Everyone has regrets in their life and I am no different.  One of the biggest regrets for me is that the lessons learned in just one of Marden’s books and a conversation with Dr. Tom Hill, if taught at an early age, would  have made all the different in the world in my life and probably would have done the same for you.  The book, Pushing to the Front is free as a Kindle version.  Free in this case is PRICELESS!

What my father said to me was in fact true, at least in regard to becoming better educated.  I did not start reading books about the career I had chosen until my early 40’s.  Oh what could I have been had I started as a teenager.  As for college, I simply did not fit.  I did not want to be there in 1963 and while I was there, I was forced to take courses for which I had no interest nor could I see the “big picture” as to why I had to take them.  Had I learned to “read for a specific purpose” instead of just reading because someone told me I had to, my life most likely would have turned out quite differently (not that I had a bad life, that is not the point).
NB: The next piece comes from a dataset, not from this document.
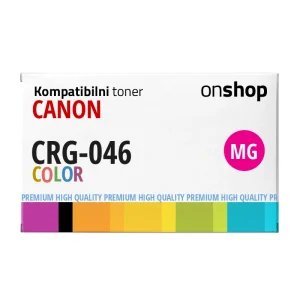 Canon crg 046 mg canon crg046 magenta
Several years before my retirement from the U. S. Coast Guard, I realized that because of a very bad left knee, my Coast Guard career could end very abruptly at any time as it did in 1985 when I was forced to retire.  Knowing that my career could end, I obtained my real estate license several years BEFORE I had to retire.  Even then, I ONLY did what was necessary but realized that even though I took the required real estate pre-licensing course, I knew nothing about selling real estate. NOTHING!  I fumbled around for about 2 years with not much success until I saw an ad in a magazine for a cassette tape entitled “Creating Teamwork” by Lee Shelton.  I listened to that tape over and over again and I can contribute the contents of that tape to all the success I eventually had in real estate all because of one statement that could have gone unnoticed.  Shelton said, read the book I’m Okay; You’re Okay by Thomas Harris every six months.  I read it more than once but what happened to me was that I obtained a thirst for obtaining knowledge and ultimately wisdom from reading books.  Since the first day I listened to the tapes, I have read well over 1000 books, attended courses too numerous to count whenever I could and then began watching DVDs.  99% of those sources were related to real estate, sales, motivation, and how to think and solve problems.

Please do not read into this any negative thoughts about my Dad.  He was and continues to be my hero.  The one thing that he taught me by his example was to work hard, be honest and always do the best you can at whatever it is you are doing at any given time.  How could anyone go wrong with that advice?

My advice to everyone reading this Nugget is to read books and magazines that will make you better at whatever you have chosen to do with your life.  Start at an early age.  Then encourage others to do the same thing.


We learn our LIFE LESSONS by always reading the fine print; we learn our LIFE EXPERIENCES as I have learned when we don’t.  Learn to read for a specific purpose, always to better yourself!